As the child of an American father and an Anishinaabe mother, Wente grew up in Toronto with frequent visits to the reserve where his maternal relations lived. By exploring his family's history, including his grandmother's experience in residential school, and citing his own frequent incidents of racial profiling by police who'd stop him on the streets, Wente unpacks the discrepancies between his personal identity and how non-Indigenous people view him.
Wente analyzes and gives voice to the differences between Hollywood portrayals of Indigenous peoples and lived culture. Through the lens of art, pop culture, and personal stories, and with disarming humour, he links his love of baseball and movies to such issues as cultural appropriation, Indigenous representation and identity, and Indigenous narrative sovereignty. Indeed, he argues that storytelling in all its forms is one of Indigenous peoples' best weapons in the fight to reclaim their rightful place.

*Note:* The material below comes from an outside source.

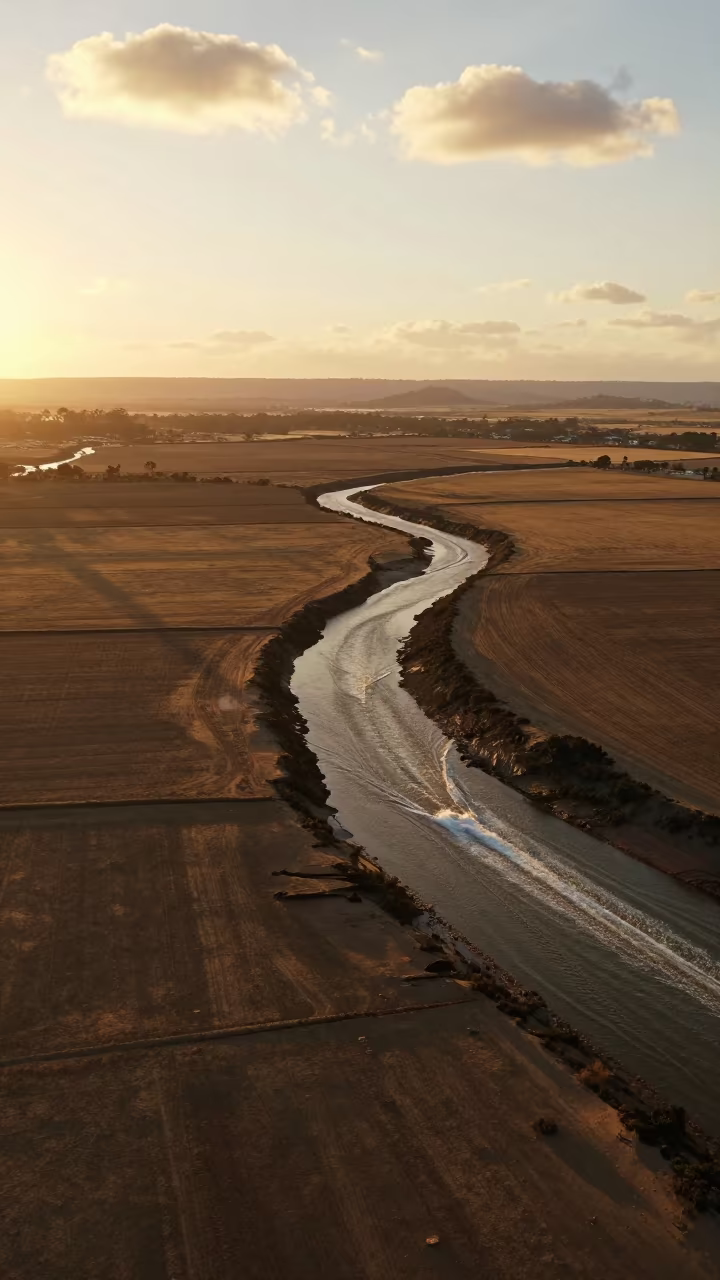 Aerial Tidal Creeks Boat Wakes Sunset Haze in near Bloemfontein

Wente explores and exposes the lies that Canada tells itself, unravels "the two founding nations" myth, and insists that the notion of "reconciliation" is not a realistic path forward. Peace between First Nations and the state of Canada can't be recovered through reconciliation--because no such relationship ever existed.
September 21, 2021
About the Author
Jesse Wente is an Ojibwe broadcaster, curator, producer, activist, and public speaker.
He is Head of TIFF Cinematheque, where he oversees the historical film programme year–round at TIFF Bell Lightbox. An outspoken advocate for Indigenous rights and First Nations, Métis, and Inuit art, he has spoken at the Smithsonian’s National Museum of the American Indian, the Canadian Arts Summit, CMPA’s Prime Time, and numerous universities and colleges.
He appears weekly on CBC Radio One’s Metro Morning and recently curated a series of five short films for CBC Arts titled Keep Calm and Decolonize. Wente currently serves on the Board of Directors for both the Toronto Arts Council and the Canada Council for the Arts.